"Millet, AKP’nin “bölgede PKK’yı görmemek” manasını taşıyan çılgınlık sürecinin kanlı bedelini her gün ödemeye devam ediyor." diyen Gültekin Avcı, "7 Haziran'dan sonra masanın devrilmesiyle birlikte son iki ayda 118 asker ve polisimiz şehit oldu. Ancak bölgeden gelen haberlere bakılırsa durum çok vahim." diye yazdı. Avcı'dan ses getirecek bir yazı...
PKK’nın korkunç planı
Millet, AKP’nin “bölgede PKK’yı görmemek” manasını taşıyan çılgınlık sürecinin kanlı bedelini her gün ödemeye devam ediyor.
PKK terörüyle hem Kürtler hem Türkler kavruluyor.
İntikal eden bilgilere göre;
KCK ve PKK “durum böyle giderse iç savaş” diyor.
Kandil’den örgüte verilen emir gereği; koruculara silah bırakma ve görevlerinden ayrılma çağrısı yapıldı. Bu çağrıya uymayan korucu aileleri öldürülüyor. Nitekim geçen ay Şırnak’ta bir korucu ailesinden baba oğlu (İsmet ve Cengiz Tatar) öldürüp cesetlerini köprünün altına attılar.
Bölgedeki halk tabanına ilaç ve gıda stoku yapması çağrısı yaptılar.
Hemen belirtelim ki PKK’nın iç savaştan kastı, şehirlerde konuşlandırdığı YDG-H teröristleri ve kırsaldaki HPG teröristleriyle (bölgedeki tüm şehir ve ilçelerde) eş zamanlı saldırılar başlatmak.
Lakin örgüt, güneydoğu ve kısmen doğu bölgeleri dışında sistemli bir hareket sağlayamayacağını iyi biliyor.
Eş zamanlı bir devrimci halk ayaklanmasına şehir ve ilçelerde konuşlu YDG-H teröristlerinin hepsi ikna edilebilmiş değil.
Önemli bir kısmı devletten hâlâ çekiniyor.
APO’nun talimatı bugün gerçekleşti
Nitekim Cizre’de yerleşik en az 1500 silahlı YDG-H teröristinin (2013 rakamıdır) hepsi, operasyonlar sırasında çatışmaya gir(e)medi.
Oysa PKK, doğu ve güneydoğuda şehir yapılanmasını tamamlamıştı.
Örgütün nihai hedefi olan silahlı devrimci halk ayaklanması için bölgede görevlendirdiği silahlı tüm YDG-H terör unsurlarının sayısı bugün on binlerle ifade ediliyor.

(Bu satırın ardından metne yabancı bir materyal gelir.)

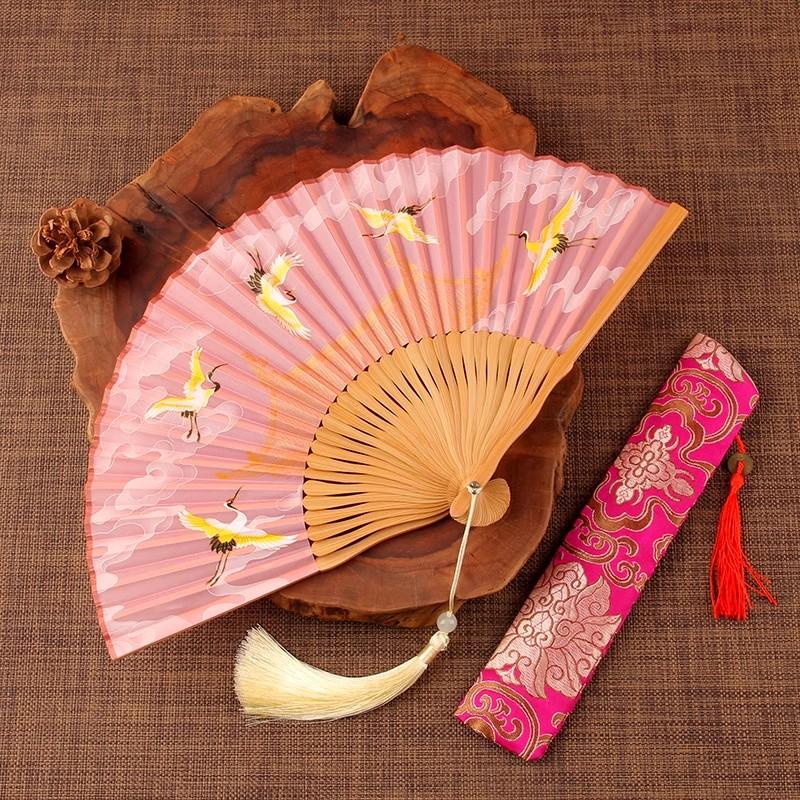 

Chinese Palace Style Folding Fan - Elegant Bamboo Silk Fan for Women, Hanfu & Qipao Dance Performance, Traditional Handheld Fan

Adına “çözüm” denen intihar sürecinde ulaştılar bu sayıya.
Bu militan sayısıyla birlikte şu kritik bilgiyi de hatırlatmak isterim.
Öcalan Kandil'e mektup yoluyla verdiği talimatlardan birinde PKK militan sayısının 100 bine çıkarılmasını istemişti.
Nitekim bu doğru bilgiyi Yeniçağ Gazetesi yazarı Ahmet Takan yazmıştı.
AKP ve MİT kontrolündeki çözüm süreciyle Apo’nun bu talimatı bugün gerçekleşti.
Lakin sayısı belirtilen tüm YDG-H unsurları henüz aktif değil.
Şu an bu sayının takriben dörtte biri aktif durumda.
Binlerce silah gömülü durumda.
PKK start verdiğinde tüm YDG-H unsurları gömülü silahları nereden alıp, hangi noktalara hareket edeceğini ve saldırı yapacağını biliyor.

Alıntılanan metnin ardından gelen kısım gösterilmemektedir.